What it all comes down to is careful planning. Dr. Matt VanBaale, Extension Dairy Specialist and an Assistant Professor at the University of Arizona, offers this: “Arizona dairy farmers are progressive business people who recognize that urban development will continue. Each producer is an individual who makes decisions his own way. But because dairy farms are family businesses,

farmers include family issues in their decisions, such as where their children are in school. Farmers with high-school aged kids, for example, may add waiting a year for graduation into their plans.” There is no doubt that dairy is a growing business in Arizona. But to maintain the momentum, dairy farmers who find themselves on the cusp of urban growth must make commonsense business decisions to ensure their continued success.

Chino farmers on the move, too

To many dairy farmers in California’s Chino Valley, it no longer makes economic sense to farm in Southern California. Urban sprawl and stringent farm practice regulations are forcing some to look for more ag-friendly areas.

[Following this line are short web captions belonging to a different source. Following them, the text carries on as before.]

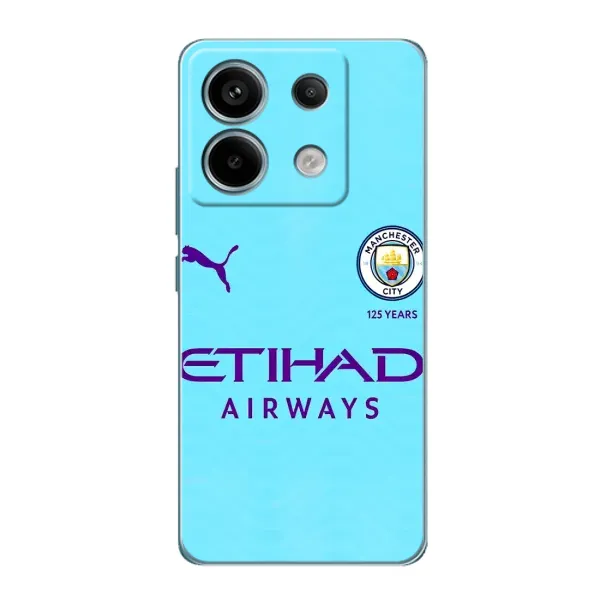 Чехол с рисунком «Man City» для Xiaomi Redmi Note 13 Pro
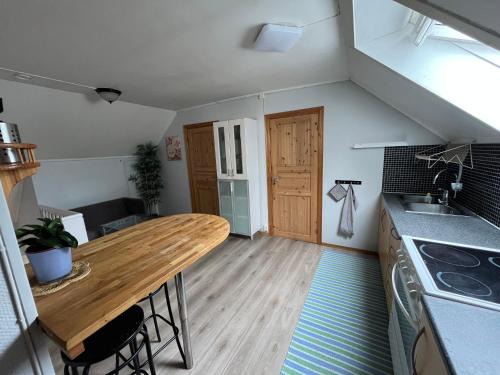 Trondheim Apartment | Loft apartment with 3 bedrooms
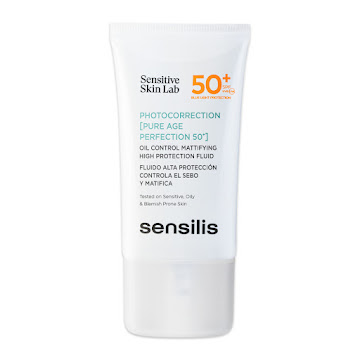 Fluido Sensilis   Photocorrection Pure Age Perfection 50+ x 40 ml  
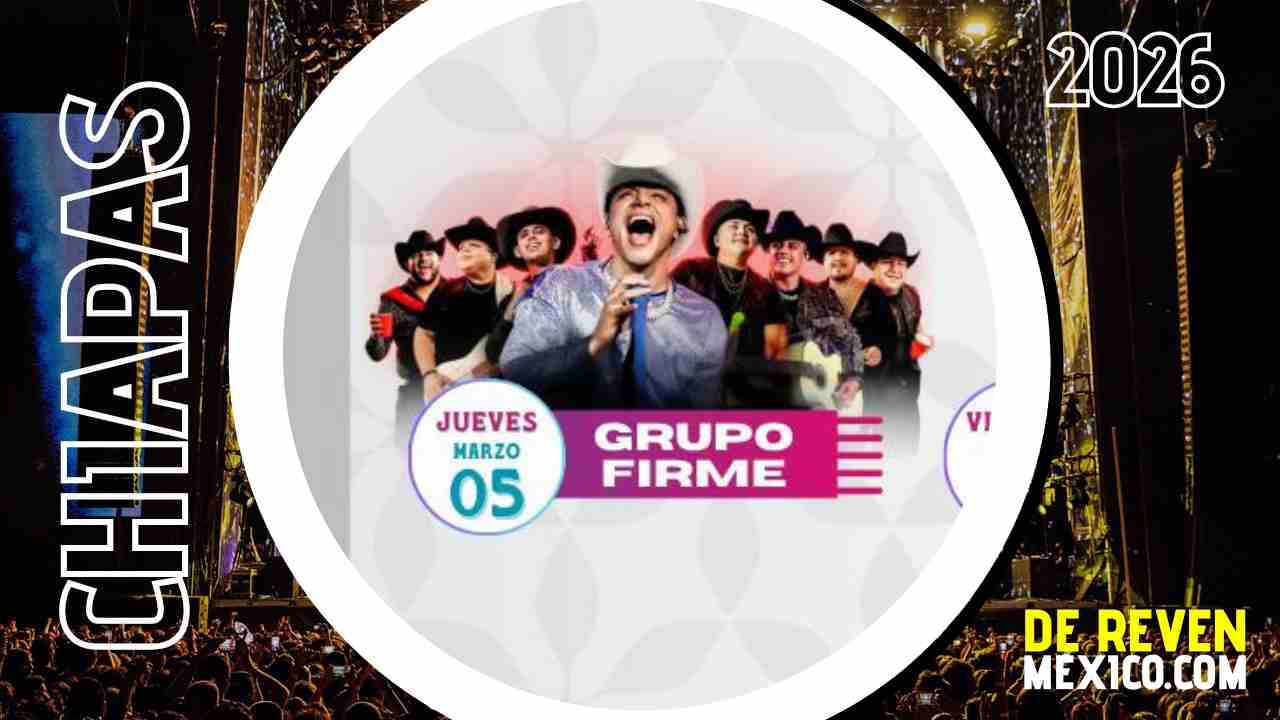 GRUPO FIRME PALENQUE EXPO TAPACHULA 2026 CHIAPAS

The Imperial Valley may very well be their likely destination. The Imperial Valley Dairy Attraction Committee hopes Chino’s dairy farmers look to their desert county, where land is relatively inexpensive, water is plentiful and forage abounds. Imperial County is the largest hay producing county in the state, with more than 250,000 acres of forage crops, including 156,000 acres of alfalfa.

The committee is working hard to make their county attractive to dairy farmers. For example, the committee secured a transportation allowance for the hauling of milk to the Los Angeles and San Diego areas and worked with the regional water quality control board to obtain a general permit regarding the disposal of liquid and dry manure waste.

In addition, farmers who buy farmland can have grading plans approved in three weeks and general construction plans reviewed and approved in 60 to 90 days, if everything is in order.

According to Senior Vice President and Branch Manager of the FCSSW El Centro office Richard Cook, “We hope Chino farmers who move to our county talk to us about their financing needs. Our in-depth knowledge of the area and in-person service will help make their move a smooth one.”